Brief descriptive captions
_ _ _ _ _

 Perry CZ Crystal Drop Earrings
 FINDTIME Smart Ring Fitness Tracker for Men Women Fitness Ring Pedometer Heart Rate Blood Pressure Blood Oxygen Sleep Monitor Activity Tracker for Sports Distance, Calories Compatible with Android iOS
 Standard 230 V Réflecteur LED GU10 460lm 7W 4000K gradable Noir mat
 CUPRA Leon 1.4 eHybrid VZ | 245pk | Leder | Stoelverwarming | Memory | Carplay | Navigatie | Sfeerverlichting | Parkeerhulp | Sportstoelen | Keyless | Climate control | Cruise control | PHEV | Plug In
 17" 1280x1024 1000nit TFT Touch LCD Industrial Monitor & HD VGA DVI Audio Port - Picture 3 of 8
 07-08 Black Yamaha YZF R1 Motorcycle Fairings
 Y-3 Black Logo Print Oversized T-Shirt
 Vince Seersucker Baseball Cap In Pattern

_ _ _ _ _

Goal of the exercise: Exactly as written above, copy every line.

The completed task:
 Perry CZ Crystal Drop Earrings
 FINDTIME Smart Ring Fitness Tracker for Men Women Fitness Ring Pedometer Heart Rate Blood Pressure Blood Oxygen Sleep Monitor Activity Tracker for Sports Distance, Calories Compatible with Android iOS
 Standard 230 V Réflecteur LED GU10 460lm 7W 4000K gradable Noir mat
 CUPRA Leon 1.4 eHybrid VZ | 245pk | Leder | Stoelverwarming | Memory | Carplay | Navigatie | Sfeerverlichting | Parkeerhulp | Sportstoelen | Keyless | Climate control | Cruise control | PHEV | Plug In
 17" 1280x1024 1000nit TFT Touch LCD Industrial Monitor & HD VGA DVI Audio Port - Picture 3 of 8
 07-08 Black Yamaha YZF R1 Motorcycle Fairings
 Y-3 Black Logo Print Oversized T-Shirt
 Vince Seersucker Baseball Cap In Pattern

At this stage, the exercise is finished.